Other proposals on Davidson’s list include a history of the rise and decline of English Presbyterianism; a history of the French Huguenots; and a history of the Reformation in Scotland as well as biographical sketches of Scottish divines.

It is a useful exercise for those who share Davidson’s interest in church history to pause and reflect on the extent to which the goals that he proposed have been met. The Presbyterian Historical Society itself — located in Philadelphia — has certainly done tremendous legwork in this regard as a repository of valuable historical materials which has allowed scholars the opportunity to study and learn from the past. We are extremely grateful for the efforts of the Presbyterian Historical Society. Samuel Mills Tenney’s similar vision led to the creation of the Historical Foundation of the Presbyterian and Reformed Churches in Montreat, North Carolina. The PCA Historical Center in St. Louis, Missouri is another such agency that has done great service to the church at large as a repository of Reformed literature and memorabilia.

We do have access today to Gilbert Tennent’s Remarks Upon a Protestation Presented to the Synod of Philadelphia, June 1, 1741. By 1861, we know that a copy was located and deposited, in fact, at Presbyterian Historical Society. Though not yet available in PDF form at Log College Press, it is available for all to read online in html through the Evans Early American Imprint Collection here.

The biographical sketches then in progress that Davidson referenced in point #7 were carried through to publication by William B. Sprague. His Annals of the American Pulpit remain to this day a tremendous resource for students of history, yet, as Davidson wisely noted, though many writers have followed in Sprague’s footsteps on a much more limited basis, there is always room for more to be done towards the creation of a Biographia Presbyterianiana.

Regarding the Lives of Moderators (point #8), we are grateful for the labors of Barry Waugh of Presbyterians of the Past to highlight the men that Davidson had in mind. The lists and biographical sketches that he has generated are a very useful starting point towards achieving the goal articulated by Davidson, and help to bring to mind the contributions of Moderators to the work of the church.
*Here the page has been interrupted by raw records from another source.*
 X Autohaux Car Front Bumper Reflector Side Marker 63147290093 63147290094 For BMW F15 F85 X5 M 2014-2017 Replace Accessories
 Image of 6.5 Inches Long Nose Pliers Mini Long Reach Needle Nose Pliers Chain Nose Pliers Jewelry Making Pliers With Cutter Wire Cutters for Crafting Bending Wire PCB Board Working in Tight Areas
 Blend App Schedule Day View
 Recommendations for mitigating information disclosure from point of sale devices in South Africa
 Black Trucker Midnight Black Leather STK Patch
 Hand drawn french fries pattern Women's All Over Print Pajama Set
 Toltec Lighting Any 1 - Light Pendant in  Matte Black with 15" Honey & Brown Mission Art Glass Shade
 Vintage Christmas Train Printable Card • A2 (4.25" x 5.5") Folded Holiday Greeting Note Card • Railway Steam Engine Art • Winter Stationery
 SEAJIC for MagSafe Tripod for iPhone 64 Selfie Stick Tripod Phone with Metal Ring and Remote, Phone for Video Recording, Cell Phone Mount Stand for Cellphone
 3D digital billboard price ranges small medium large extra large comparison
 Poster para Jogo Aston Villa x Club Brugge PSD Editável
There are a number of organizations that have taken pains to reprint older Presbyterian works of interest. Too many to list here, the contributions of all those who share this vision to make literature from the past accessible to present-day readers is to be applauded, including the efforts of Internet Archive, Google Books and others who digitize such works. We at Log College Press also strive to do this both with respect to reprints and our library of primary sources. For us, the past is not dead, primary sources are not inaccessible, and the writings of 18th-19th century Presbyterians are not irrelevant. It is worth noting that there are topical pages with growing resources available on Log College Press that highlight material on biographies, church history, the 1837 Old School / New School division, sermons and much more.

Much more could be said in regards to the extent to which organizations, historians and others have carried forward the goals articulated by Davidson. But for now we leave it to our readers to consider Davidson’s Desiderata, articulated over 150 years ago, and its connection to our shared interest in preserving the history and literature of early American Presbyterianism.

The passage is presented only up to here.